Given information:

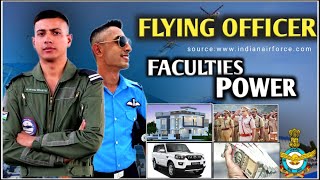 FLYING OFFICER POWER 💪. AIRFORCE OFFICER FACULTIES SALLARY. airforce motivation status #nda #cds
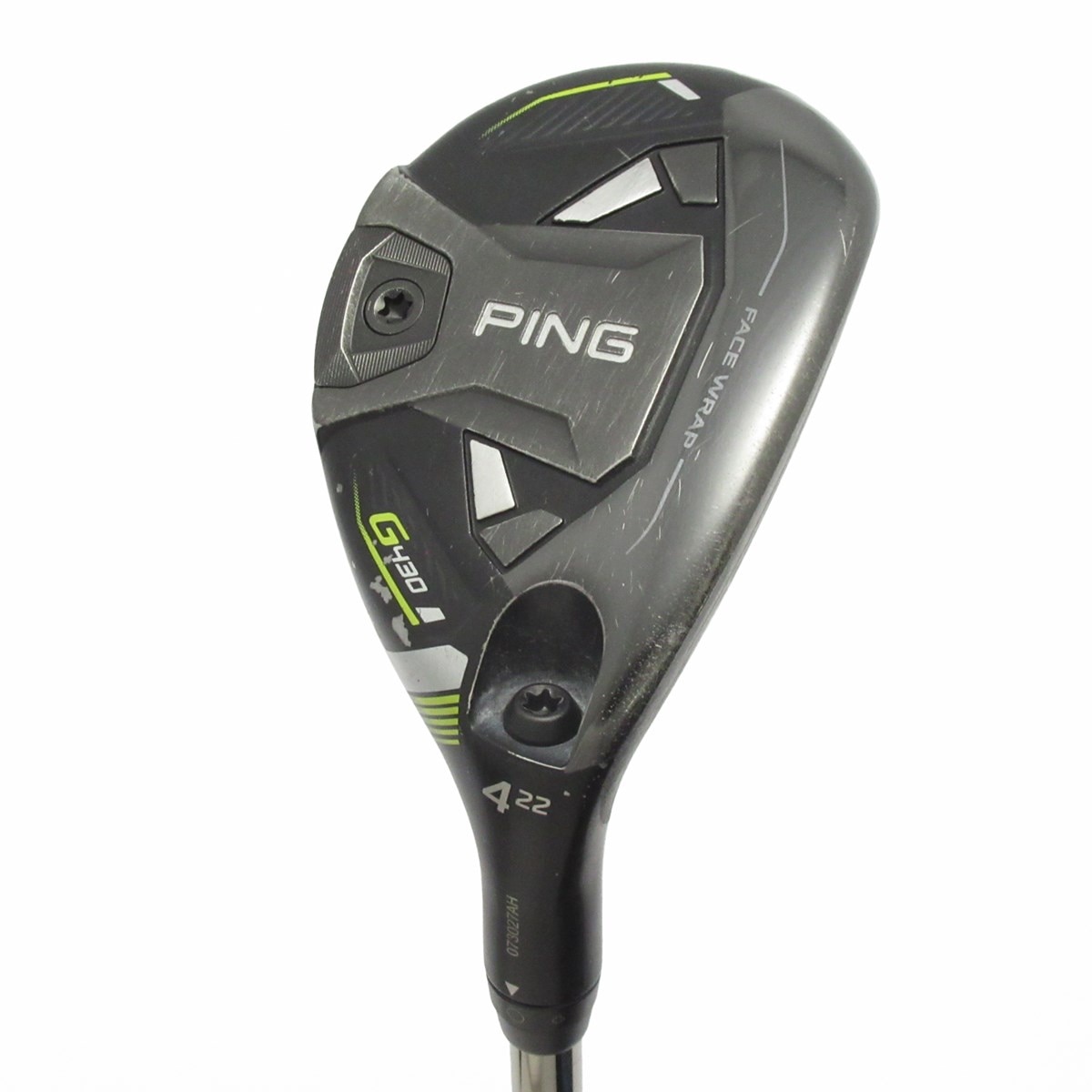 中古】G430 ハイブリッド ユーティリティ PING TOUR 2.0 CHROME 85 22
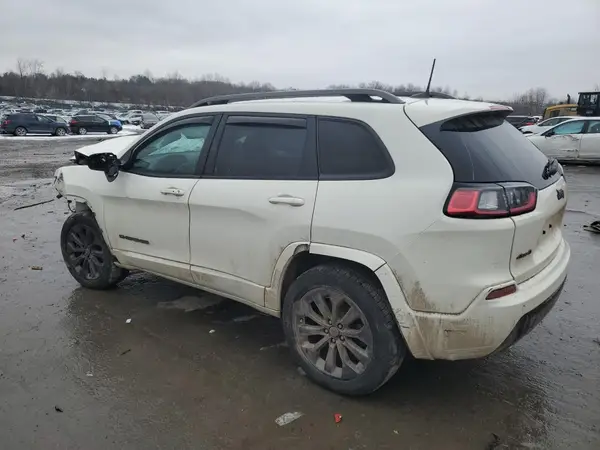 1C4PJMDX2KD334133 2019 JEEP GRAND CHEROKEE - Image 2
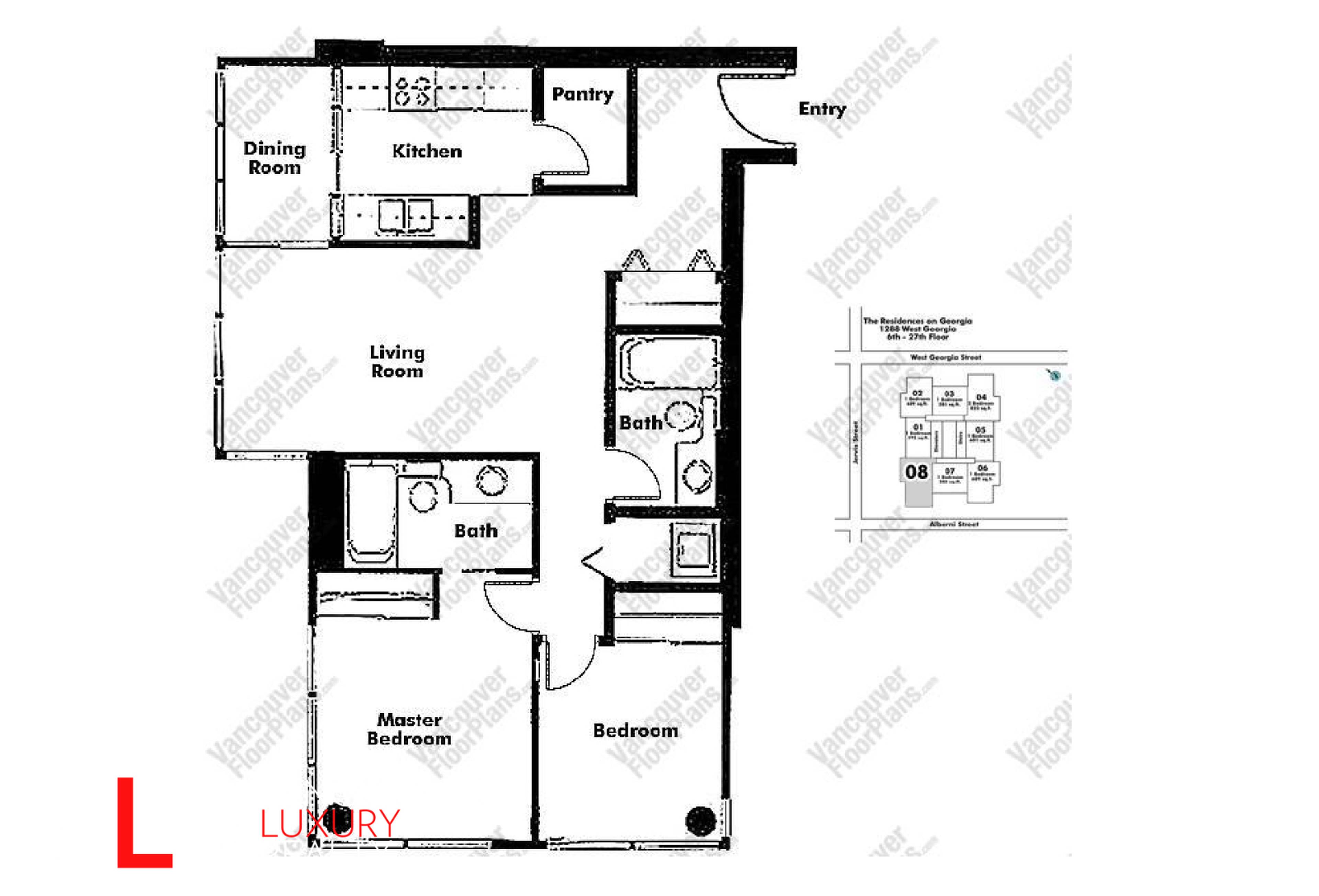 1288 W Georgia St 20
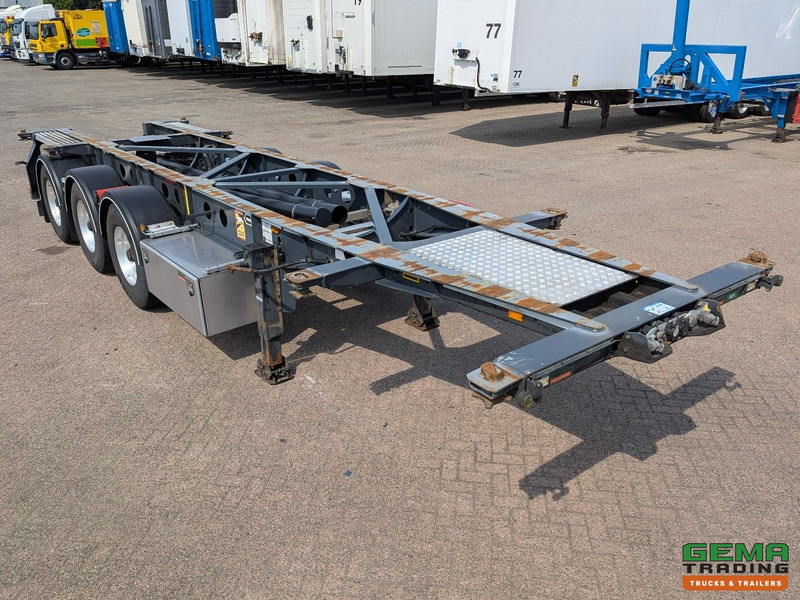 Van Hool A3C002 3-Assen BPW - 20 30FT TANK/SWAP - 3490KG - ContainerChassis - ADR - Schijfremmen - 01/2026 APK - Konteineris-vežimus/ Sukeisti kūną puspriekabė: foto 4 Van Hool A3C002 3-Assen BPW - 20 30FT TANK/SWAP - 3490KG - ContainerChassis - ADR - Schijfremmen - 01/2026 APK - Konteineris-vežimus/ Sukeisti kūną puspriekabė: foto 4
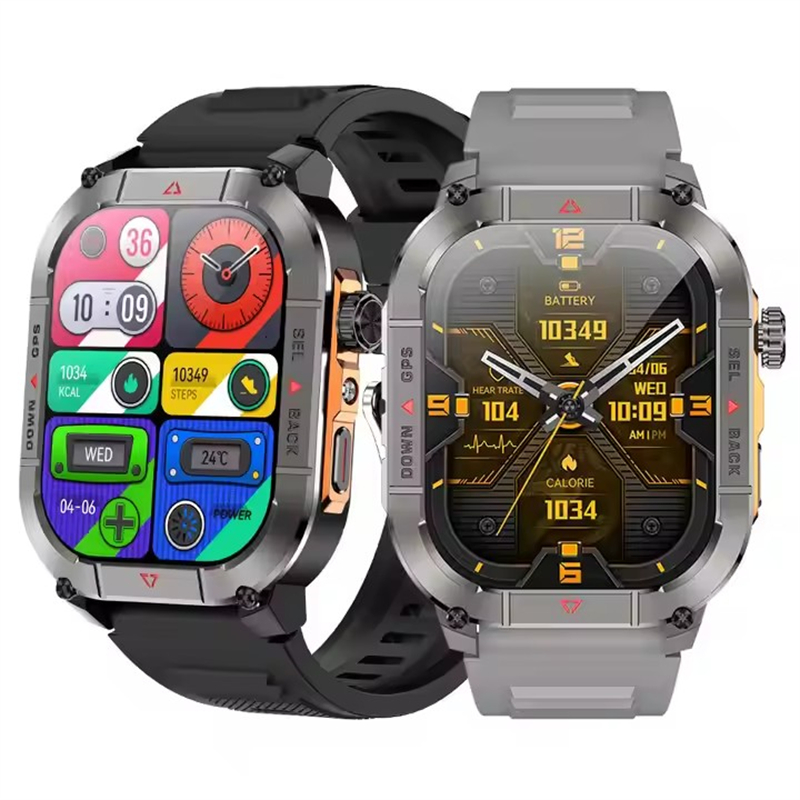 New HK84 Men Smart Watch AMOLE - Smartwatch Watches For Men Digital 评论和价格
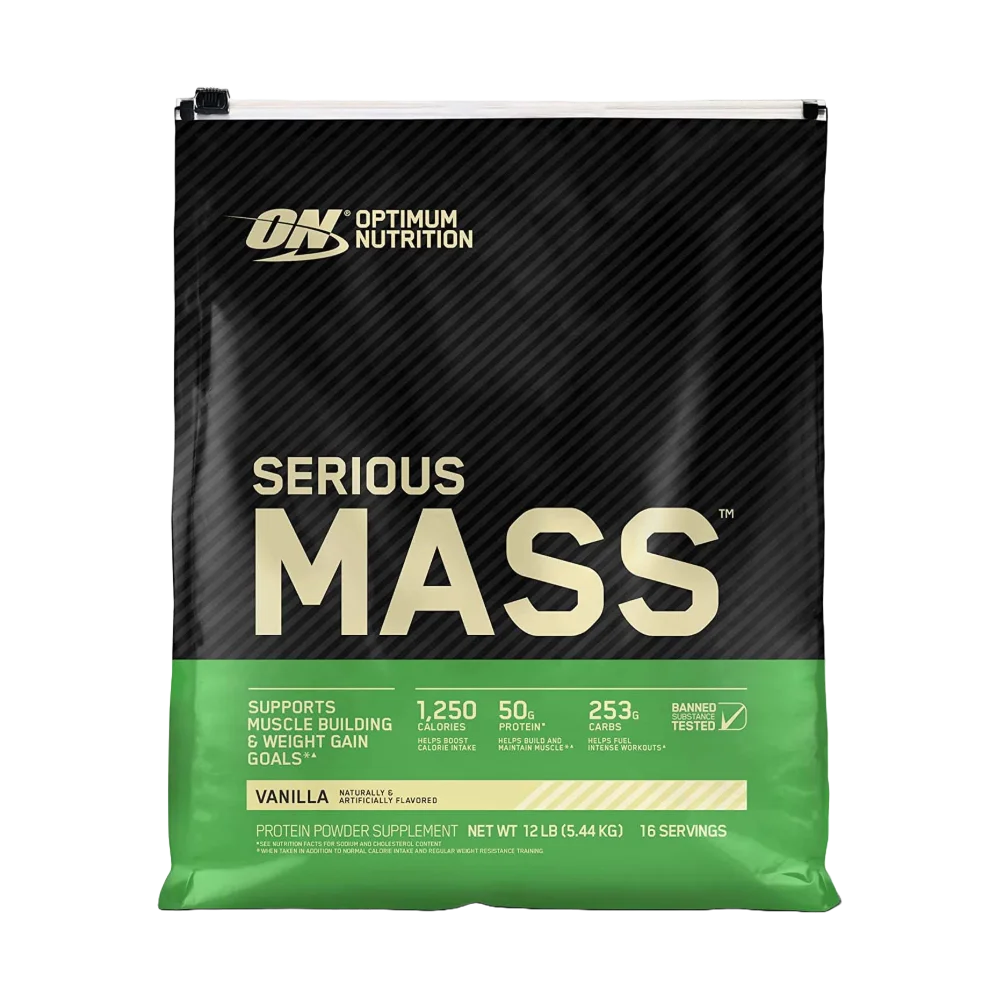 Optimum Nutrition Serious Mass - 5.4KG - 16 Serving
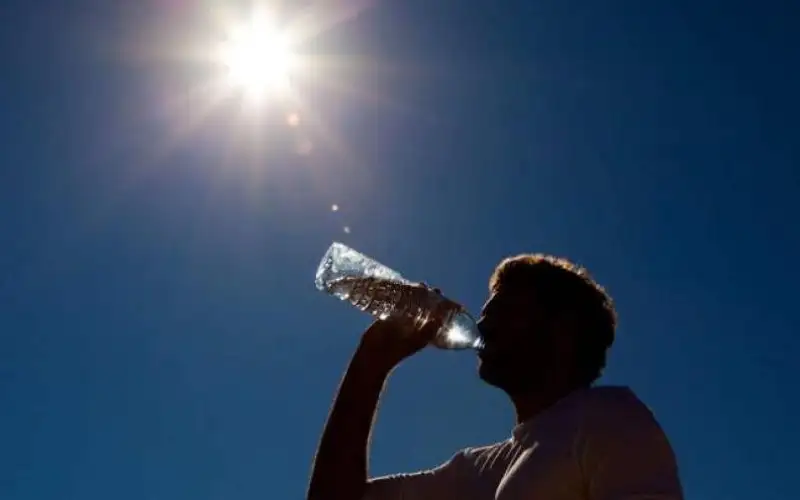 ارتفاعات متتالية على درجات الحرارة بدءا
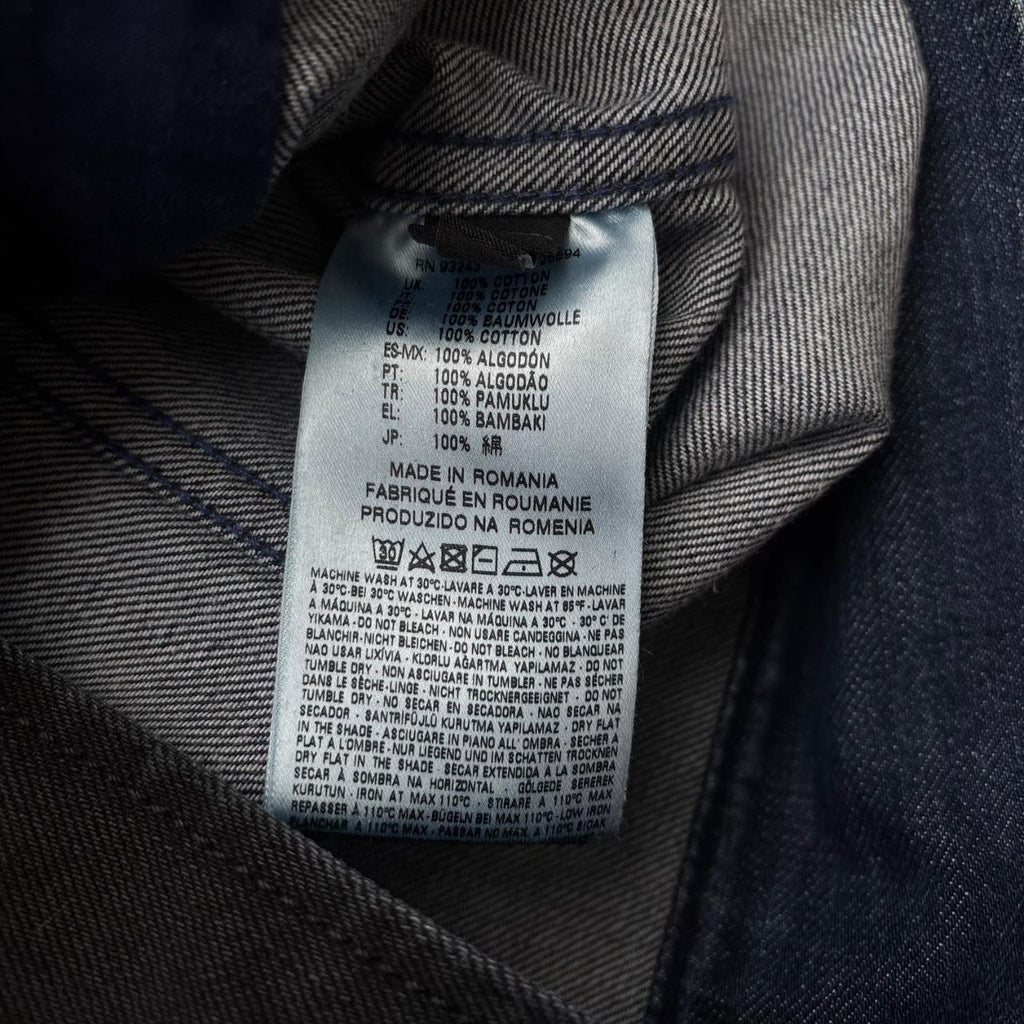 DIESEL FADED WAXED JACKET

What is required: Output every record verbatim, skipping images.

Final answer:
 FLYING OFFICER POWER 💪. AIRFORCE OFFICER FACULTIES SALLARY. airforce motivation status #nda #cds
 中古】G430 ハイブリッド ユーティリティ PING TOUR 2.0 CHROME 85 22
 1C4PJMDX2KD334133 2019 JEEP GRAND CHEROKEE - Image 2
 1288 W Georgia St 20
 Van Hool A3C002 3-Assen BPW - 20 30FT TANK/SWAP - 3490KG - ContainerChassis - ADR - Schijfremmen - 01/2026 APK - Konteineris-vežimus/ Sukeisti kūną puspriekabė: foto 4 Van Hool A3C002 3-Assen BPW - 20 30FT TANK/SWAP - 3490KG - ContainerChassis - ADR - Schijfremmen - 01/2026 APK - Konteineris-vežimus/ Sukeisti kūną puspriekabė: foto 4
 New HK84 Men Smart Watch AMOLE - Smartwatch Watches For Men Digital 评论和价格
 Optimum Nutrition Serious Mass - 5.4KG - 16 Serving
 ارتفاعات متتالية على درجات الحرارة بدءا
 DIESEL FADED WAXED JACKET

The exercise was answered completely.